TASK DESCRIPTION →
Output must consist only of the lines of the material below from the one with "Slippers BEIGE/GOUD" through the one with "Used 2021 Cajun", each reproduced exactly; no pictures belong in it.

SOURCE MATERIAL →
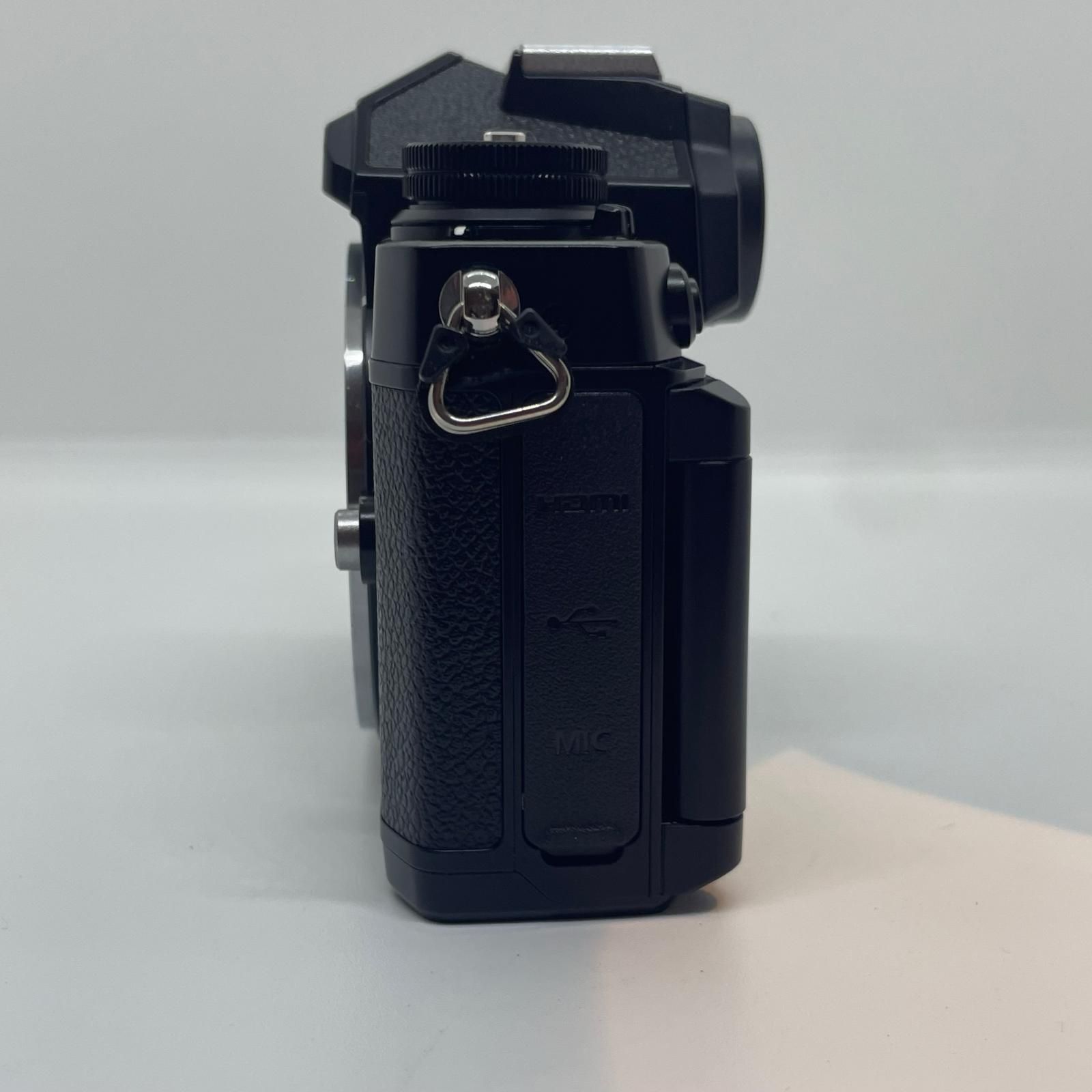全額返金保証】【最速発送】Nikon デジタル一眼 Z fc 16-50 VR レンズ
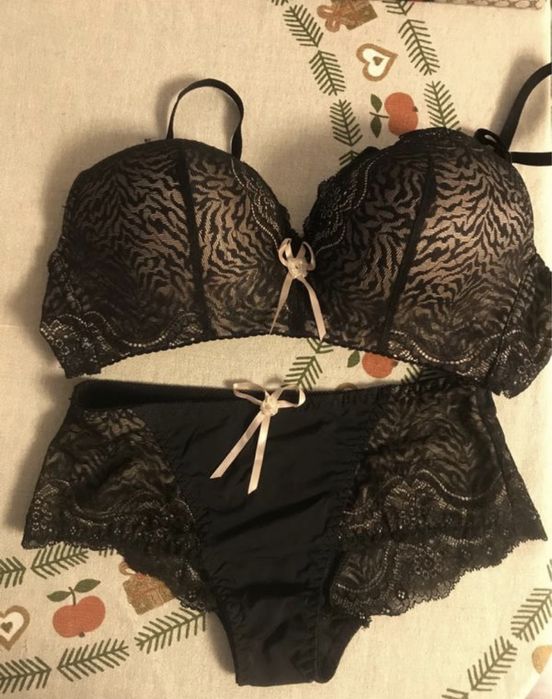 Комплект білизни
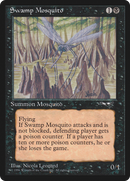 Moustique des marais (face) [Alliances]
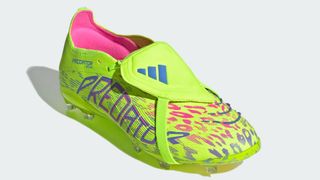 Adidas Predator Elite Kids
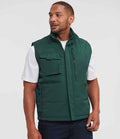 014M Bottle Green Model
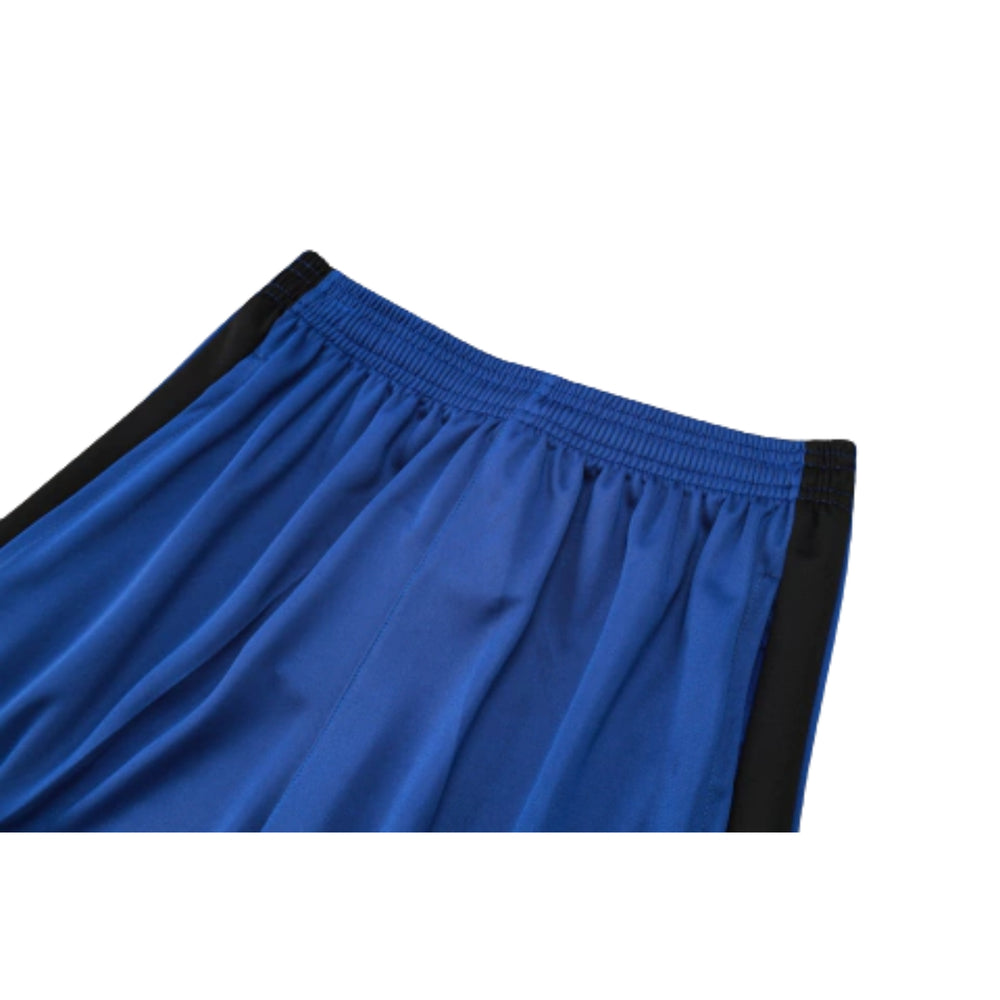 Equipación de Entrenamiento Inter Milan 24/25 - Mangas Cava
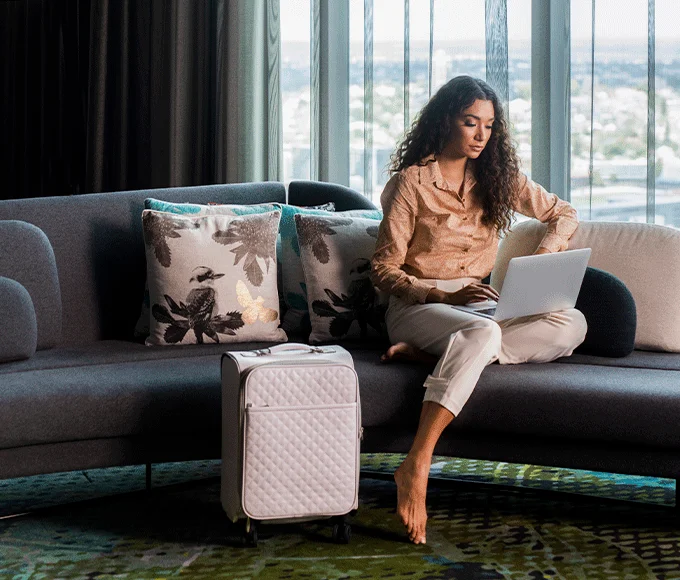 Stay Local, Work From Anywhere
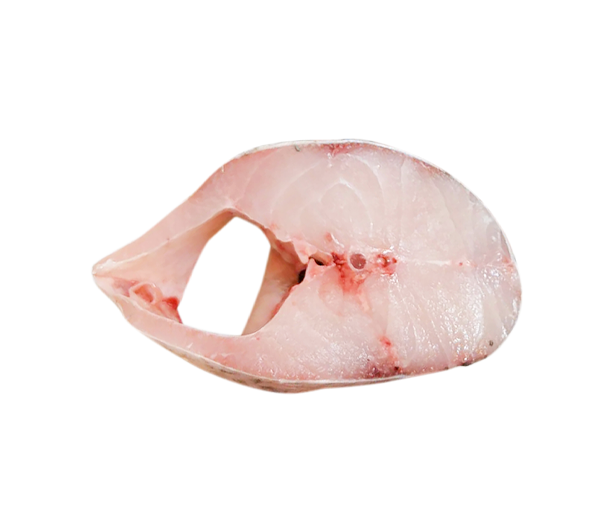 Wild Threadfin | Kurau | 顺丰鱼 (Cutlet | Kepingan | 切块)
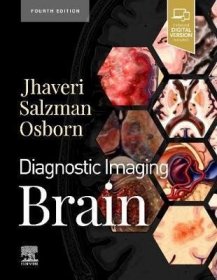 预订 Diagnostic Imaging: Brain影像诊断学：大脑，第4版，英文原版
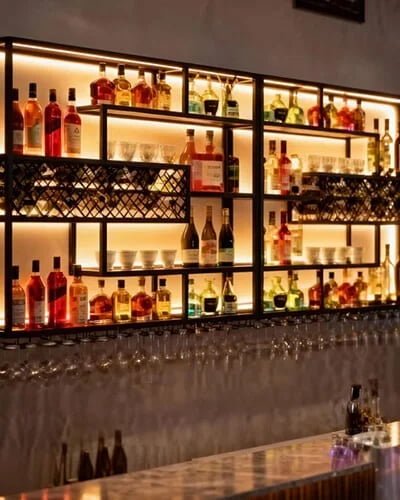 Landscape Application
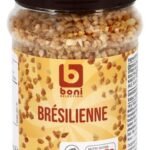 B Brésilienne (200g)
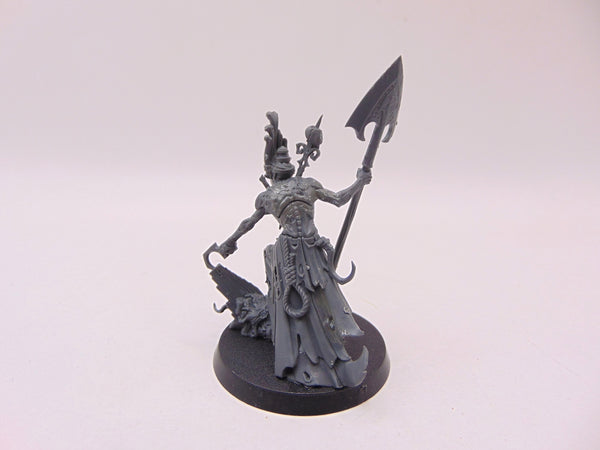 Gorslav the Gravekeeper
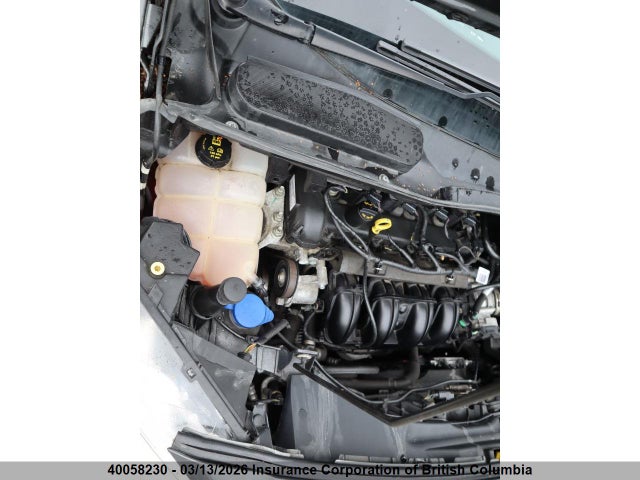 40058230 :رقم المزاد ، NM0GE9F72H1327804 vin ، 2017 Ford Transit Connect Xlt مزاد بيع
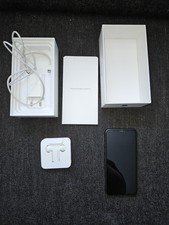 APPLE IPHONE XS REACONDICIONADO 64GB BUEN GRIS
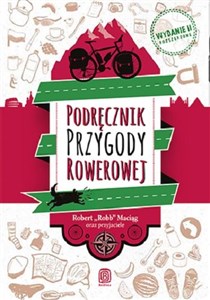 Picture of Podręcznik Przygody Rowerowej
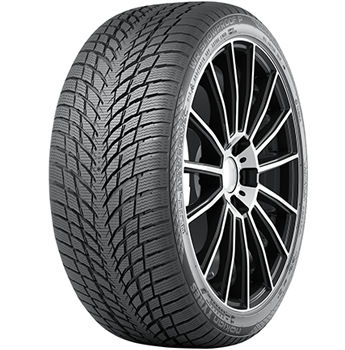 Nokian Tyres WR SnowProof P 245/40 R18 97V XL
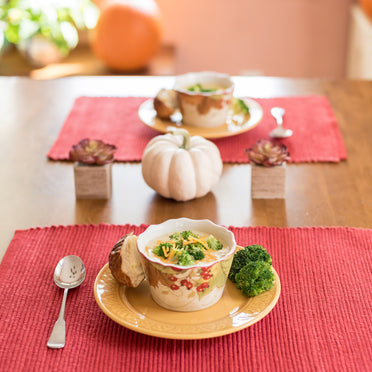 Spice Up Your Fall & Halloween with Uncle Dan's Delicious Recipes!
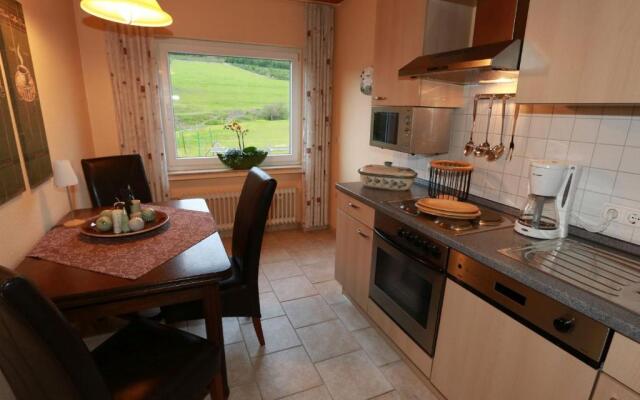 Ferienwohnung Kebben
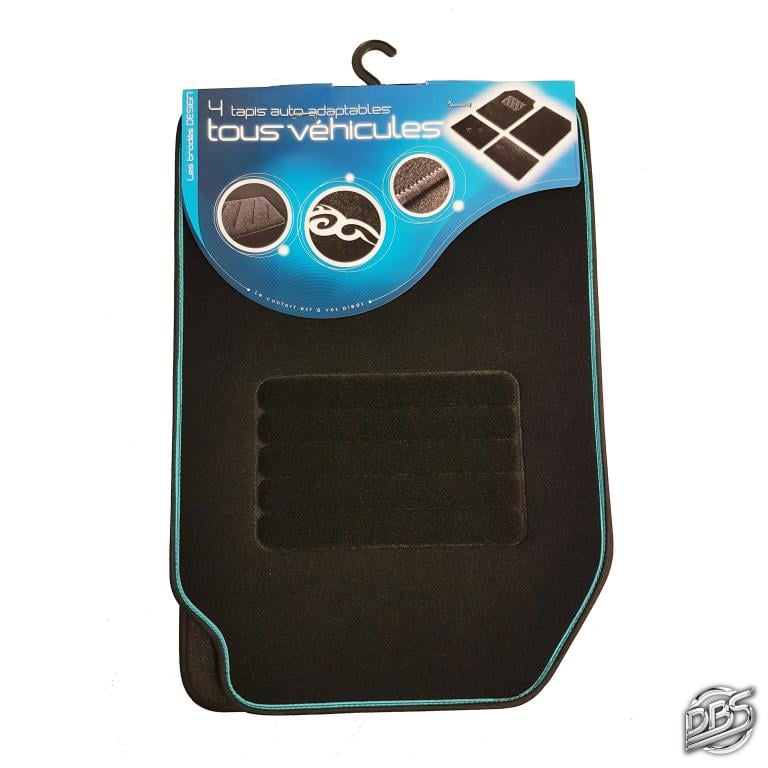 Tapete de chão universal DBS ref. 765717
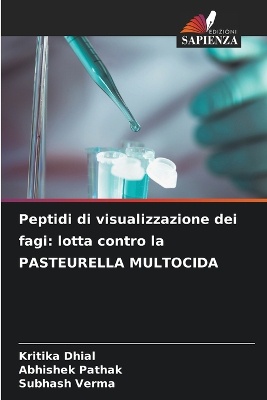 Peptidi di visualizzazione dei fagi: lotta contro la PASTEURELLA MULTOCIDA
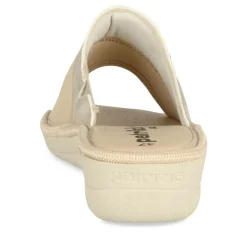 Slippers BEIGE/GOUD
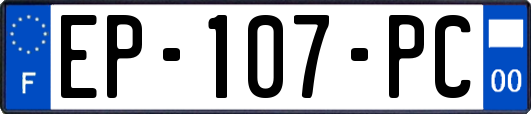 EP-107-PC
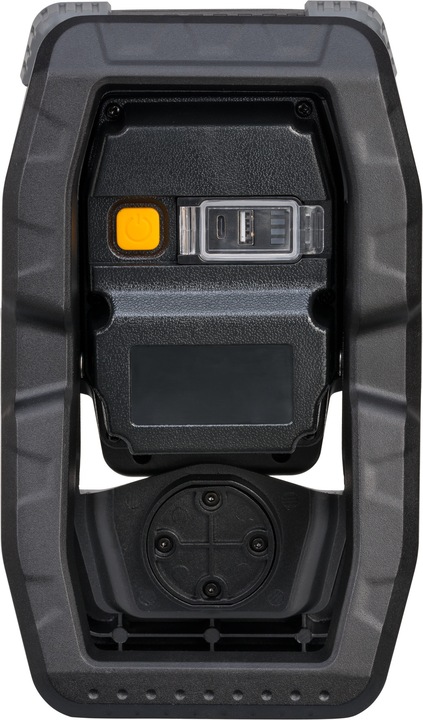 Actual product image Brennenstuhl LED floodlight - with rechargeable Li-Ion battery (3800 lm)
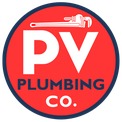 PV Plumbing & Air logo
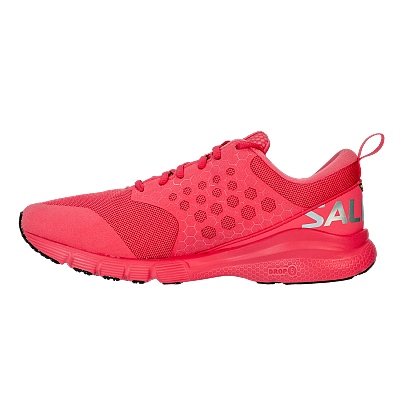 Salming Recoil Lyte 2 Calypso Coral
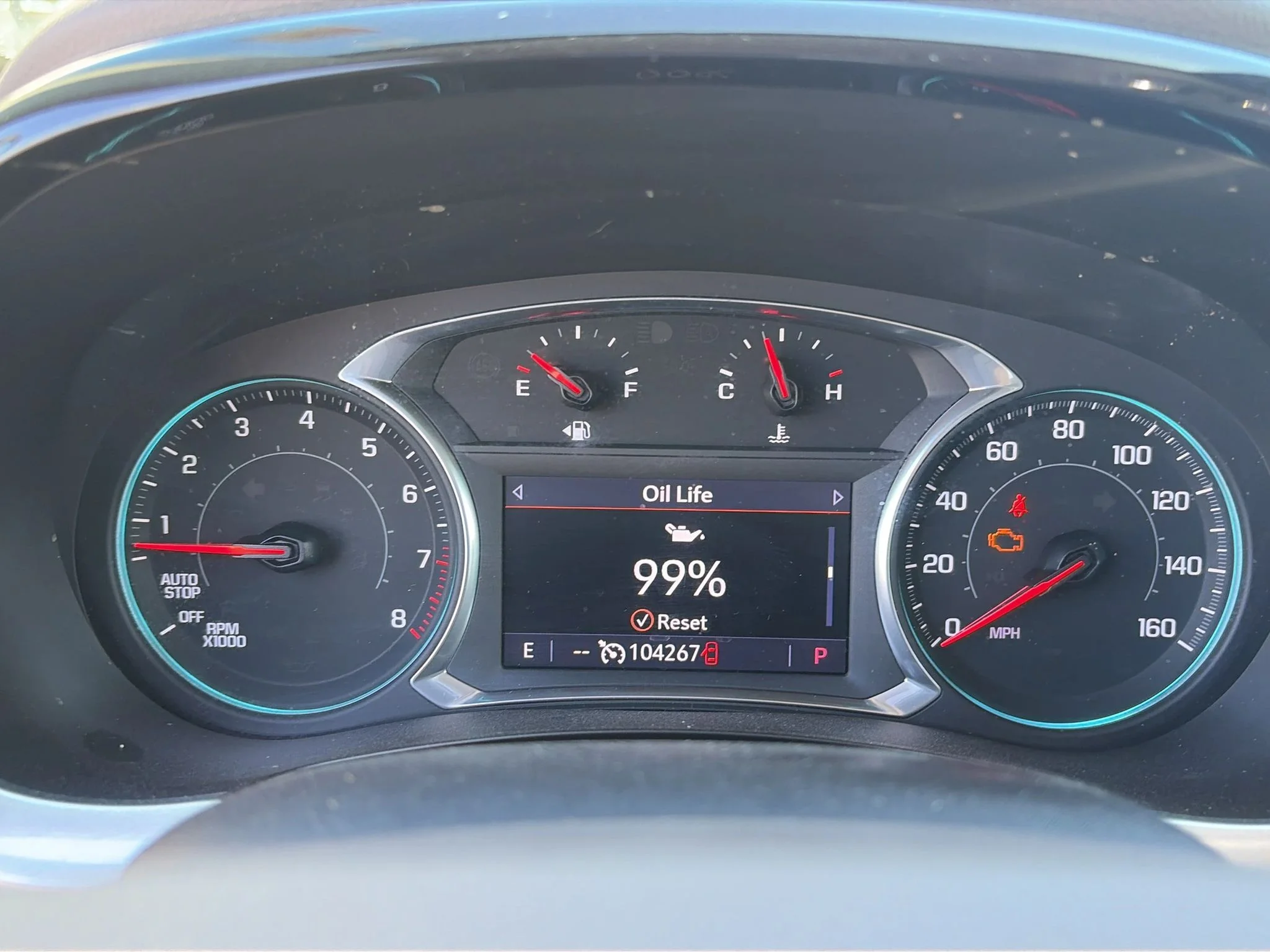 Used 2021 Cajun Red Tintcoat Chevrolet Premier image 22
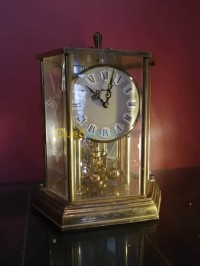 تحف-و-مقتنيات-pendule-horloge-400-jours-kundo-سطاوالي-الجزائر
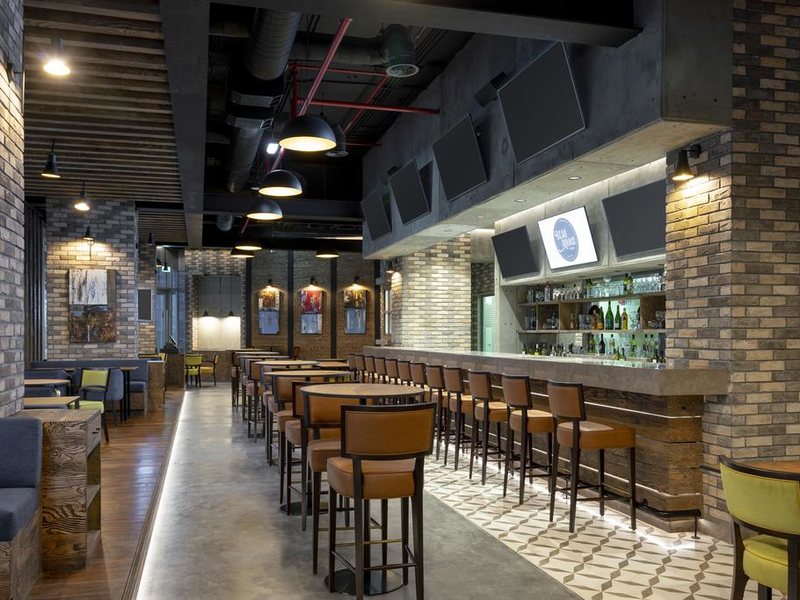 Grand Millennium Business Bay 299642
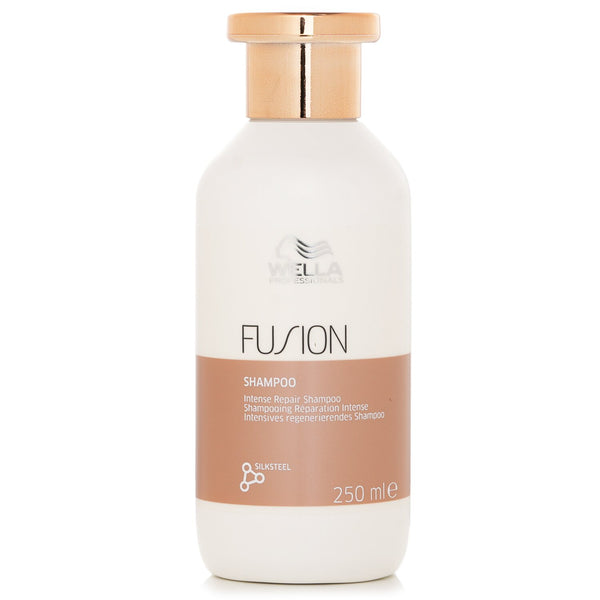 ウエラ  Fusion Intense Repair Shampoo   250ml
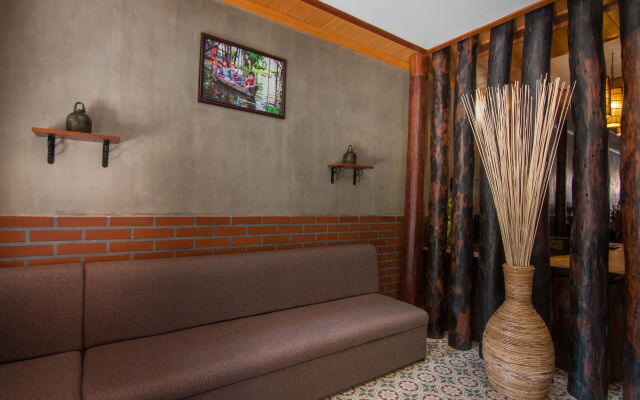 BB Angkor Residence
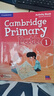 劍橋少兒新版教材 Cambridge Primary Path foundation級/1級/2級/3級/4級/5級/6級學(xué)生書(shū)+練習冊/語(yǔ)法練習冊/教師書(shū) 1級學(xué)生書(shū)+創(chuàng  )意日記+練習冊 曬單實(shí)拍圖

TASK RESULT →
 Slippers BEIGE/GOUD
 EP-107-PC
 Actual product image Brennenstuhl LED floodlight - with rechargeable Li-Ion battery (3800 lm)
 PV Plumbing & Air logo
 Salming Recoil Lyte 2 Calypso Coral
 Used 2021 Cajun Red Tintcoat Chevrolet Premier image 22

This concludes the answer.